Melanocyte stem cells as potential therapeutics in skin disorders

Abstract

Introduction: Melanocytes produce pigment granules that color both skin and hair. In the hair follicles melanocytes are derived from stem cells (MelSCs) that are present in hair bulges or sub-bulge regions and function as melanocyte reservoirs. Quiescence, maintenance, activation and proliferation of MelSCs are controlled by specific activities in the microenvironment that can influence the differentiation and regeneration of melanocytes. Therefore, understanding MelSCs and their niche may lead to use of MelSCs in new treatments for various pigmentation disorders.

Areas covered: We describe here pathophysiological mechanisms by which melanocyte defects lead to skin pigmentation disorders such as vitiligo and hair graying. The development, migration and proliferation of melanocytes and factors involved in the survival, maintenance and regeneration of MelSCs are reviewed with regard to the biological roles and potential therapeutic applications in skin pigmentation diseases.

Expert opinion: MelSC biology and niche factors have been studied mainly in murine experimental models.
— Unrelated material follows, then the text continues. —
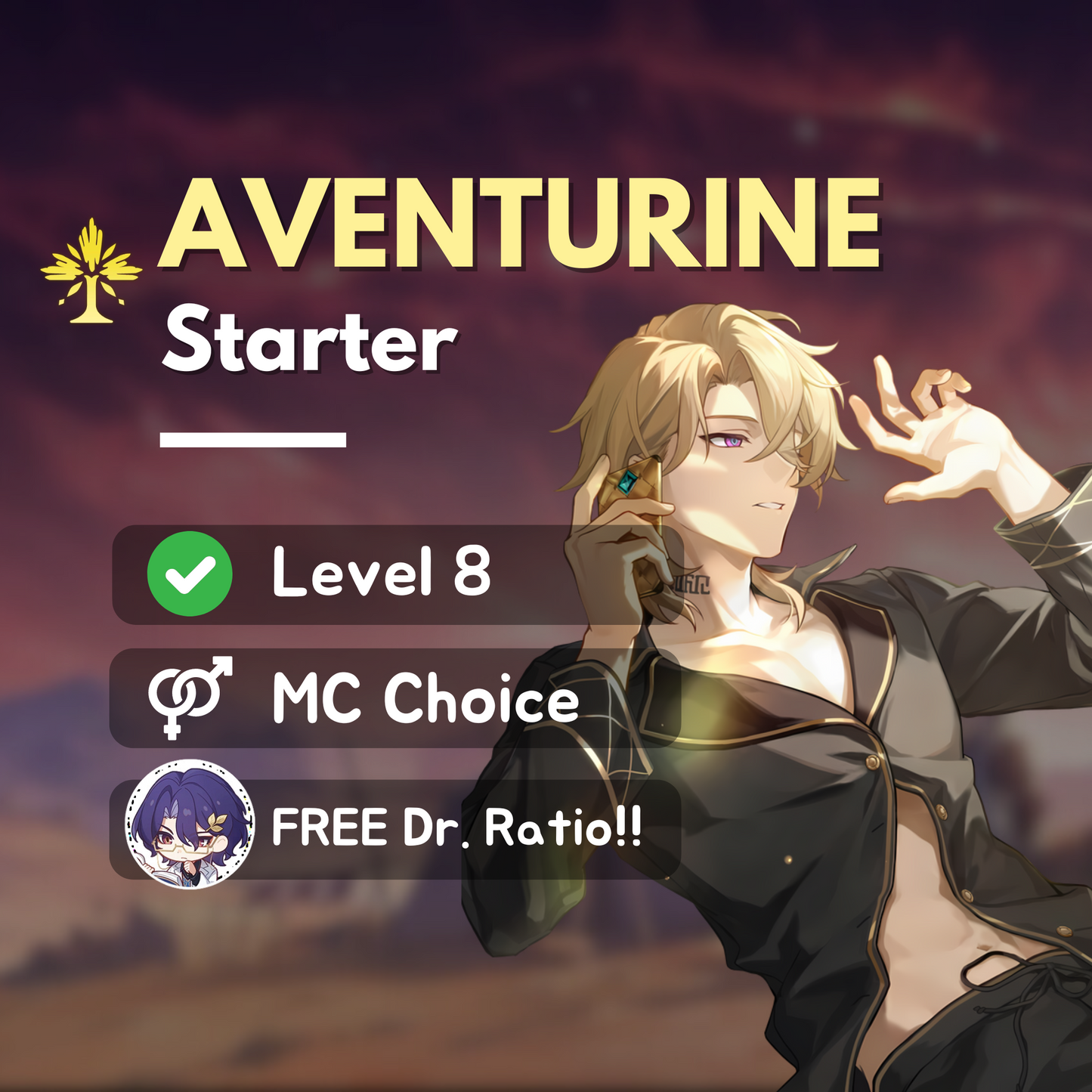 Honkai Star Rail Aventurine Starter Account with Bronya or Signature Lightcone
Human MelSC markers or methods to isolate them are much less well understood. Identification, isolation and culturing of human MelSCs would represent a major step toward new biological therapeutic options for patients with recalcitrant pigmentary disorders or hair graying. By modulating the niche factors for MelSCs, it may one day be possible to control skin pigmentary disorders and prevent or reverse hair graying.
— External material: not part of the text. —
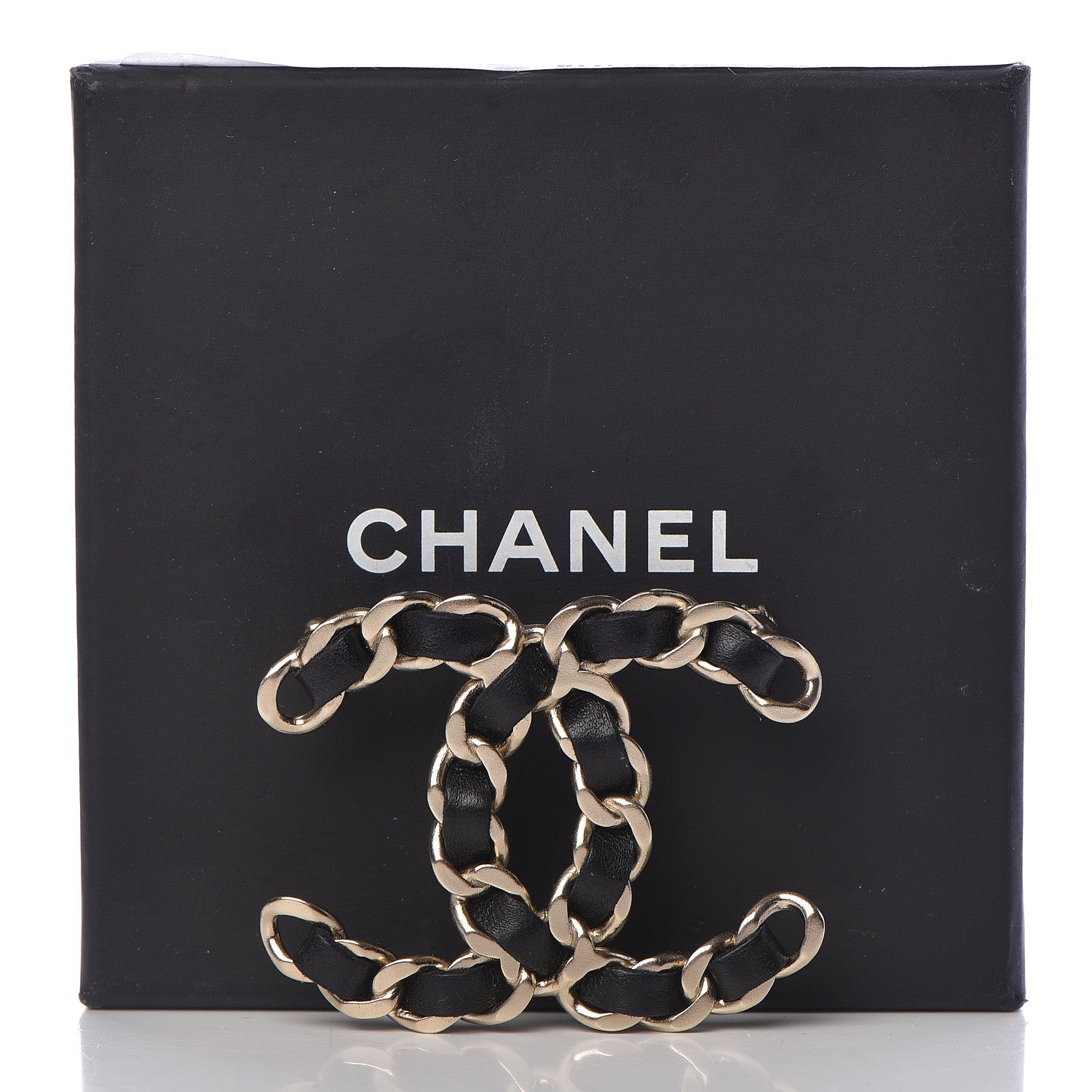 Chanel Lambskin Chain CC Brooch Black Gold 5 of 5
Keywords: graying hair; melanocyte; melanocyte stem cell; pigmentation; vitiligo.

Figure 1

Possible related pathways in MelSC survival, maintenance, and differentiation. MITF, Bcl-2, B-Raf, C-Raf, TGF-b, Notch pathways are involved in MelSC survival and maintenance. PAX-3 and Wnt pathways are related to MelSC differentiation.

Figure 2

MelSC in vitiligo. In the vitiligious lesion, the number of functional melanocytes and MelSC is decreased compared with the adjacent non-vitiligious lesion. MelSC or melanocyte precursor cells can remain in the hair bulge and provide the chance of repigmentation. During the process of repigmentation after the treatment of vitiligo, repigmentation frequently starts in the perifollicular area from the hair bulge MelSC. Sox10, Kit, MC1R, and wnt7a are related to MelSC activation, migration, and differentiation.

Figure 3

MelSC in graying hair. Factors such as aging and genotoxic stress can induce hair graying through MelSC loss or MelSC differentiation into melanocytes. Repeated MelSC loss induces MelSC depletion and leads to hair graying. For hair pigmentation, not only MelSC maintenance but also melanogenesis of hair matrix melanocytes and melanin transfer to the hair shaft should occur. MelSC maintenance and activation are regulated by niche factors including Bcl-2, MITF, B-raf, C-raf, TGF-β, PAX3, Wnt, and Notch.

Figure 4

MelSC in wound healing. Wounded skin lacks melanocytes on the basal layer of the epidermis. As wound healing progresses, activated MelSC migrate to the epidermis from the hair bulge area rather than proliferating. The MelSC then proliferate into melanocytes to be the source of epidermal melanocytes and maintain the cutaneous epithelium biology. This migration and proliferation of MelSC after skin wounding is dependent on the MC1R–ACTH-α-MSH signaling pathway.